The task: Only the pictures are to be dropped; the rest of the data below is to be duplicated exactly.

Exercise data:
----------------

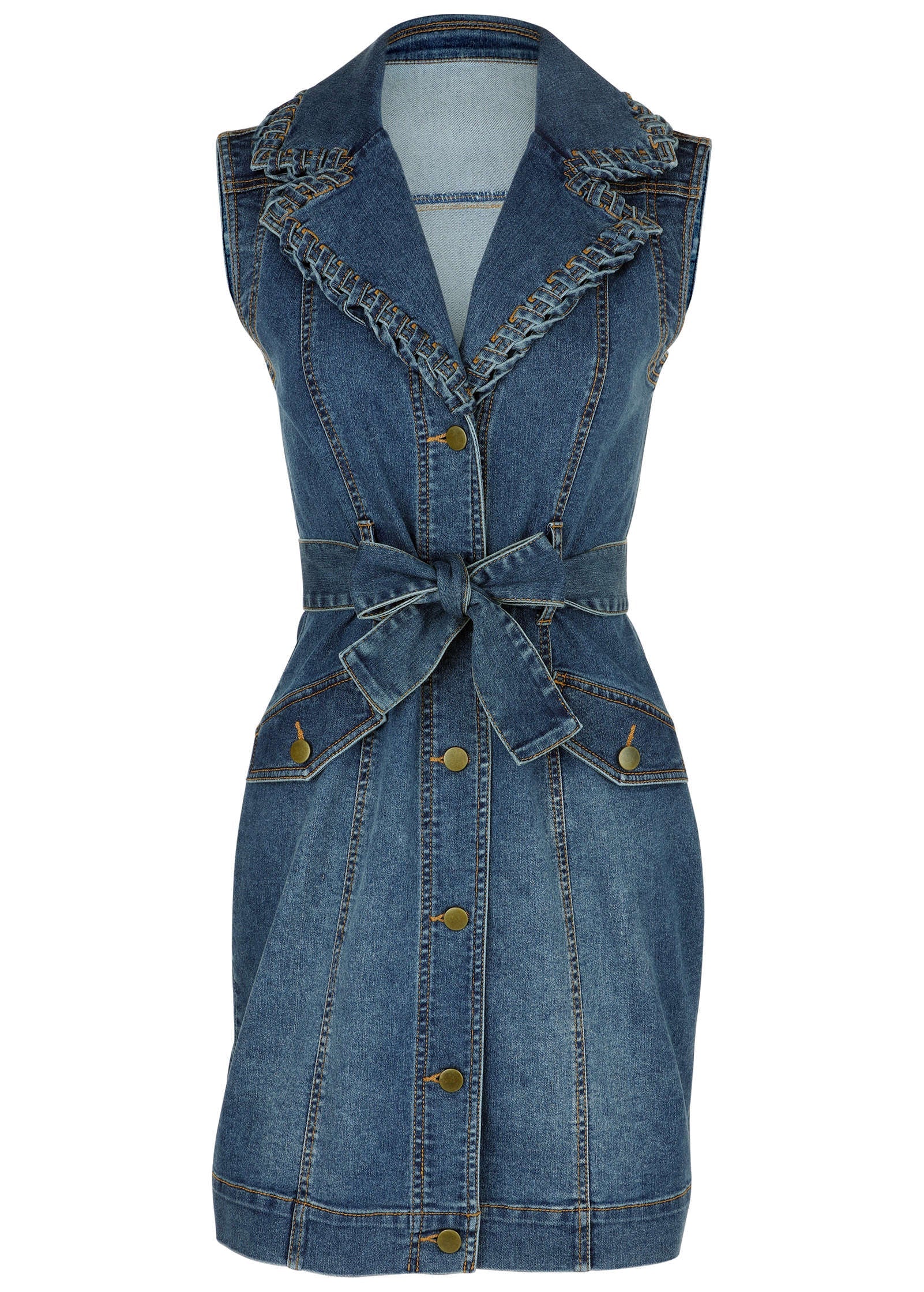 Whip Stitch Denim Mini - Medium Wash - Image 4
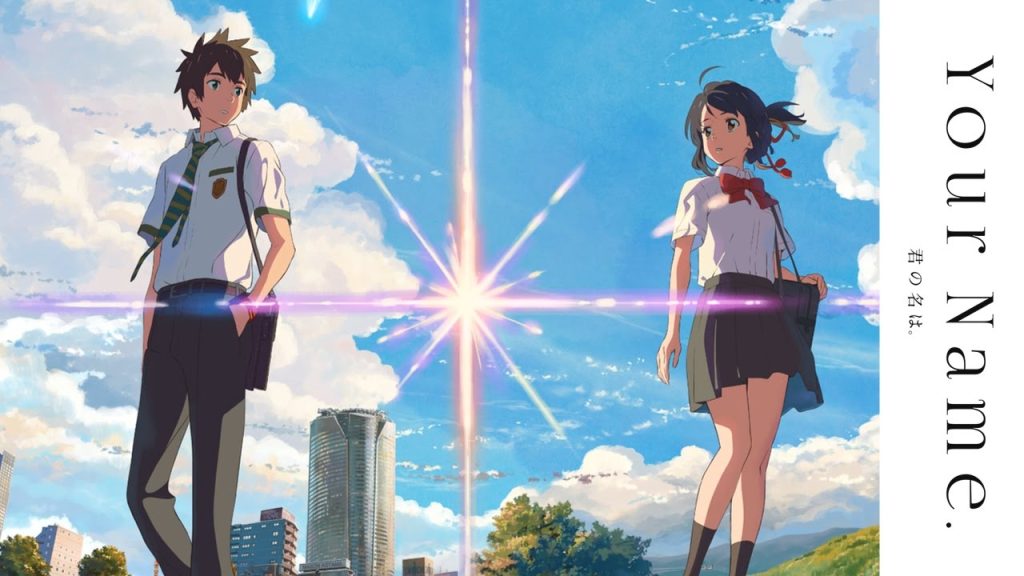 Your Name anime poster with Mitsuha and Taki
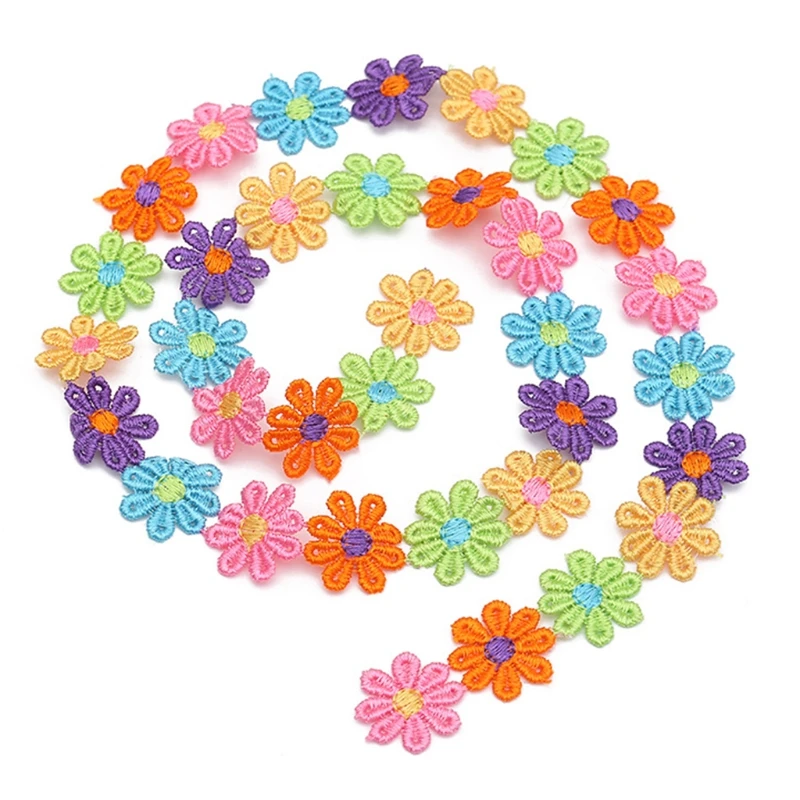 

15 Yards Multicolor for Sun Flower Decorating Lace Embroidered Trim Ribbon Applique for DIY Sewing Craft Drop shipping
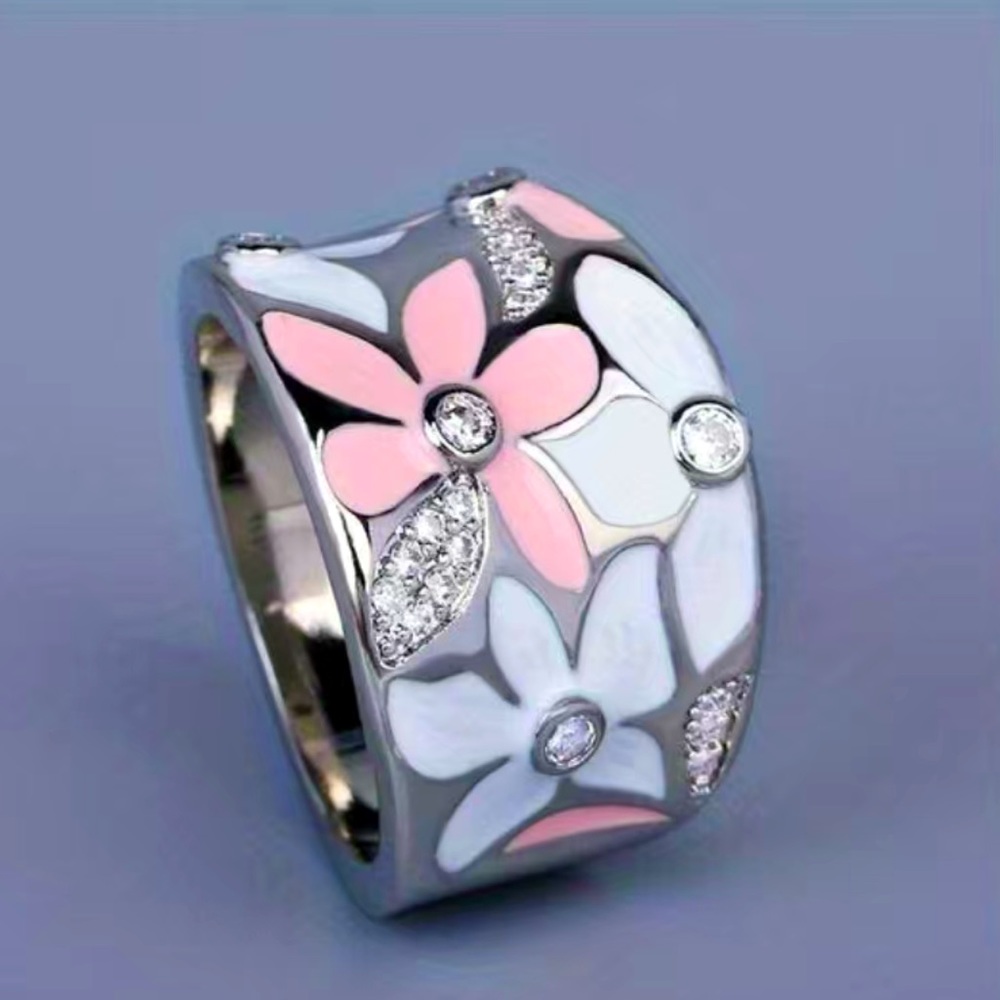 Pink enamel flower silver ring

----------------

Expected answer:
 Whip Stitch Denim Mini - Medium Wash - Image 4
 Your Name anime poster with Mitsuha and Taki

15 Yards Multicolor for Sun Flower Decorating Lace Embroidered Trim Ribbon Applique for DIY Sewing Craft Drop shipping
 Pink enamel flower silver ring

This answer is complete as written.